Why this matters operationally
If you do not deliberately assign requests and limits, Kubernetes will treat your workload as BestEffort. The official documentation states that BestEffort pods are the most likely to be evicted. This is a major cause of unexpected production instability.
Next, we move into the practical workflow for choosing resource values.
5. A step-by-step workflow to determine correct resource settings
This workflow is designed to align with the official guidance to measure actual usage, not guess.
Step 1: Observe real usage
Use metrics-server or another metrics backend.
kubectl top pod <pod-name> --containers
You should see CPU cores in millicores and memory in bytes.
The official docs emphasize that CPU usage is averaged over a brief window and should not be treated as instantaneous.
Step 2: Compare usage to your current requests
Use:
kubectl describe pod <pod-name>
Look for the “Requests” and “Limits” section under each container.
Checkpoint
If real usage consistently exceeds requests, the scheduler may have under-provisioned the node. If usage is below requests, you may be wasting capacity.
Step 3: Choose an appropriate request value
The documentation states that requests should reflect the minimum resources needed for reliable performance.
In practice:
- Set CPU requests near typical runtime usage
- Set memory requests slightly above the typical high-water mark, due to memory not compressing or bursting like CPU
Step 4: Decide whether limits are necessary
The official docs explain that limits prevent runaway usage but may cause throttling or OOM kills.
A common safe pattern is:
- CPU: use limits only when needed
- Memory: always set limits, since out-of-memory conditions are disruptive cluster-wide
Step 5: Apply updated requests and limits and observe behavior
After updating the Deployment:
kubectl rollout status deployment/<name>
Then observe:
kubectl top pod
Repeat until usage aligns with expectations.
Next, we look at the main operational pitfalls engineers encounter.
6. Common misconfigurations and how to avoid them
Every issue described here is recognized in the official Kubernetes documentation.
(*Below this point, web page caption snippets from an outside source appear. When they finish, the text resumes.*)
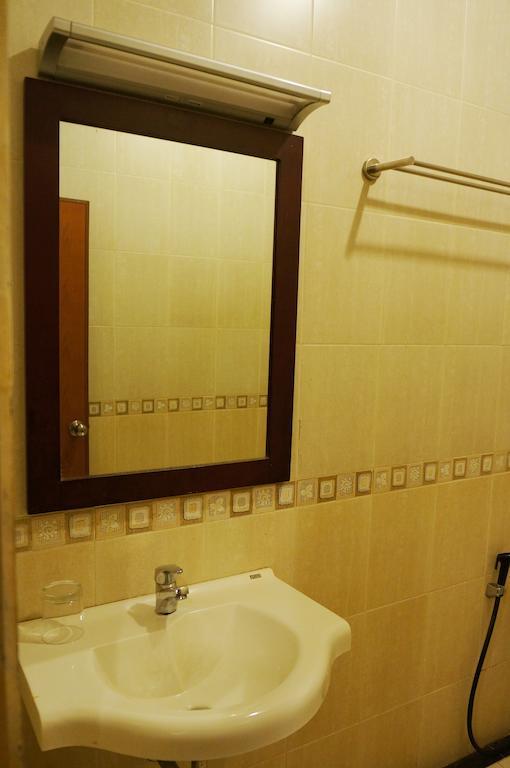 Feodora Airport Hotel Палембанг Стая снимка
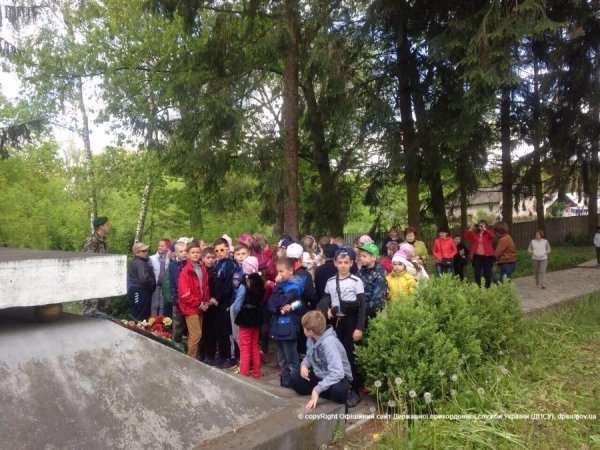 Луцькі школярі завітали в гості до прикордонників. ФОТО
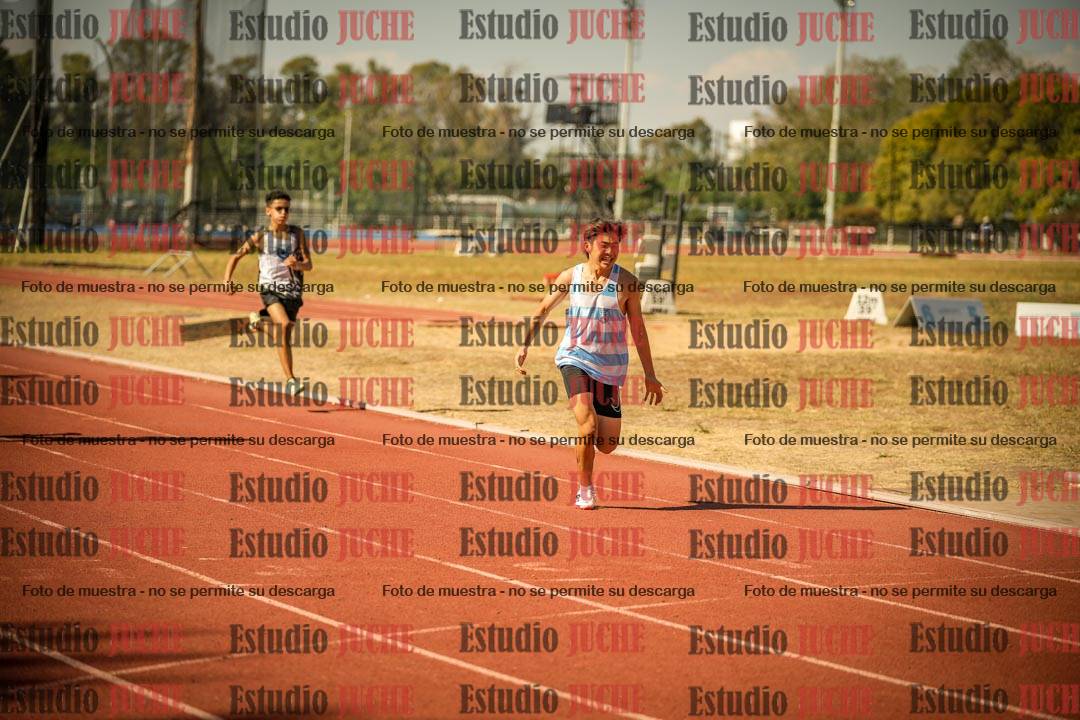 Fotos de los 200 m llanos de varones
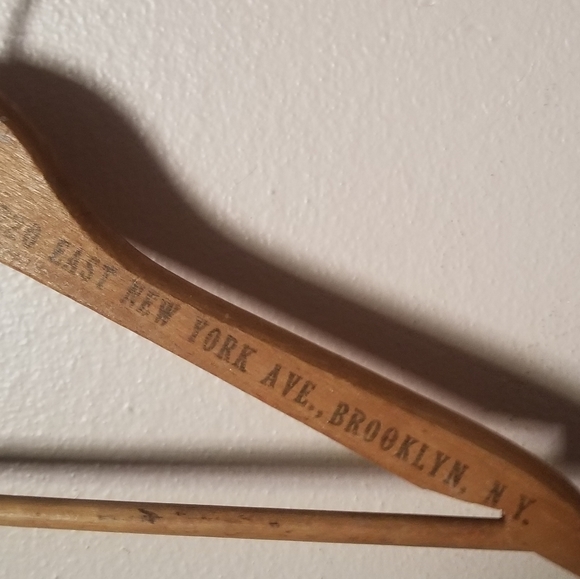 VINTAGE WOODEN Brooklyn Clothes Hanger - Picture 5 of 9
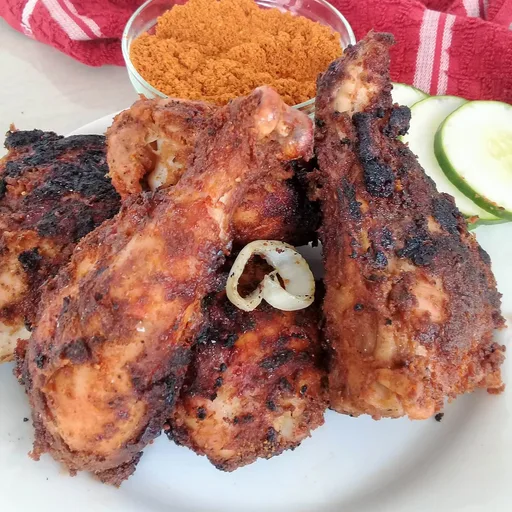Pollo a la parrilla con especias khebab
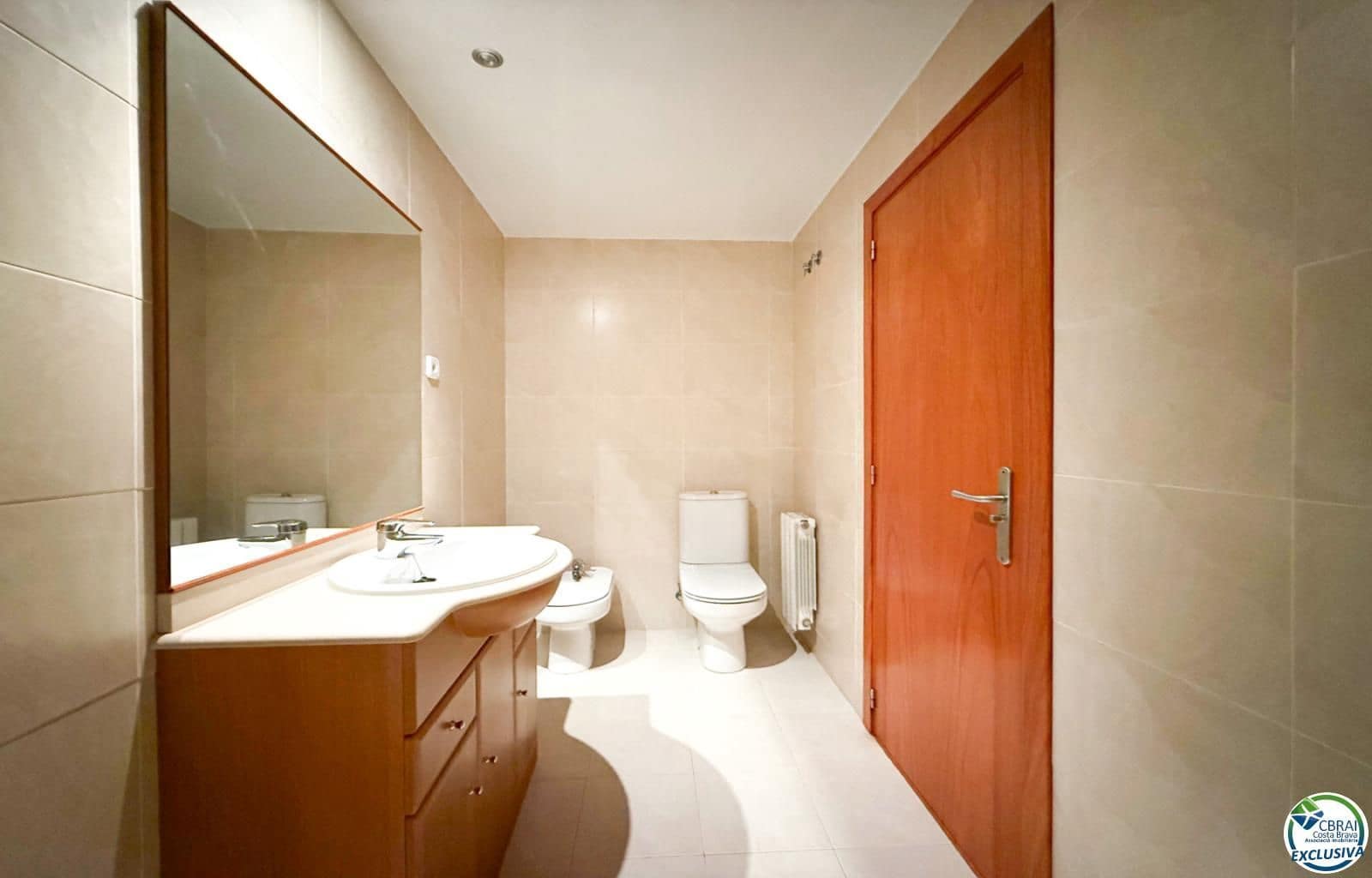 3 bedroom Flat for sale in Figueres - € 235,000 (Ref: 9674792)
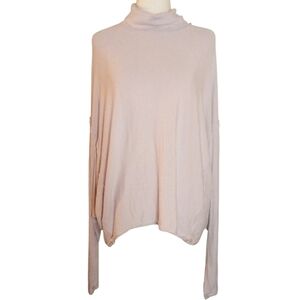 We The Free Light Purple Oversized Rib Knit Turtle Neck Sweater Size‎ Medium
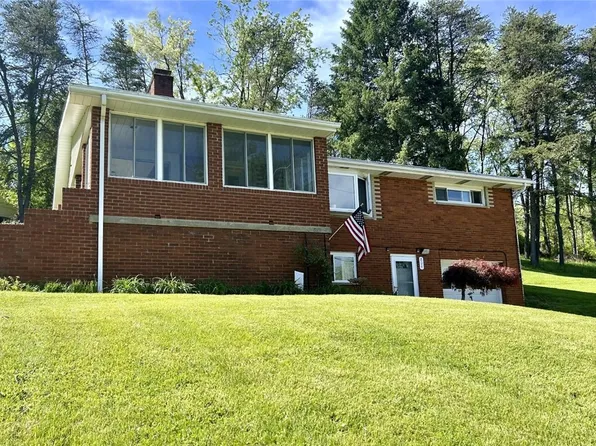 804 Redwood Dr, Mc Donald, PA 15057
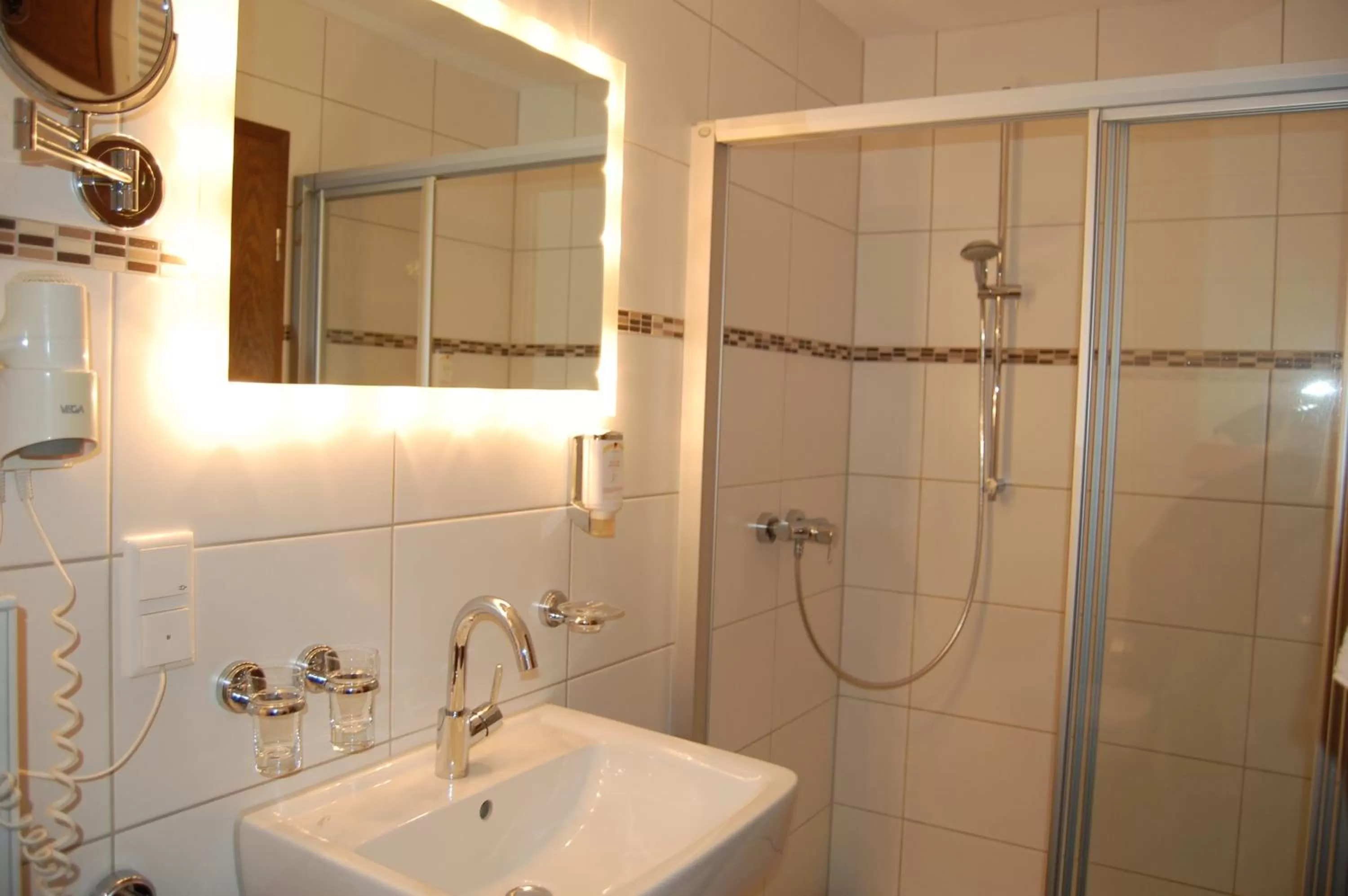 Bathroom in Hotel Grüner Baum mit Restaurant & Wellness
Pitfall 1: Setting requests far higher than real usage
This causes poor scheduling because the scheduler reserves unnecessary capacity.
Pitfall 2: Setting memory limits too low
Memory cannot be throttled. A container that hits its memory limit will be killed.
This behavior is explicitly described in the cgroup enforcement section.
Pitfall 3: Setting CPU limits too low
The kernel will throttle CPU-intensive containers, impacting latency and throughput.
Pitfall 4: Leaving requests unset
This places the pod in BestEffort, making it the first to be evicted under pressure.
Pitfall 5: Forgetting that the scheduler only looks at requests, not limits
Over-sized requests cause node underutilization.
You now know how to avoid these issues. Next, we verify success.
7. Validate that resource settings are working correctly
Use three checks, all based on official tooling guidance.
Check 1: Observe resource usage
kubectl top pod
Check 2: Inspect container restarts and OOMKills
kubectl describe pod
Check 3: Confirm QoS class
Look under “QoS Class” inside kubectl describe pod.
A stable workload should:
- Not be repeatedly throttled
- Not show OOM events
- Have predictable scheduling and performance
Next, we look at how this ties into broader engineering practice.
8. What to do next
Once you have consistent resource values, you can explore topics the official documentation recommends pairing with requests and limits:
- Horizontal Pod Autoscaler (HPA)
- Vertical Pod Autoscaler (VPA)
- Pod disruption budgets
- Node allocatable resource planning
- Resource quotas and limits per namespace
These topics build directly on correct resource sizing.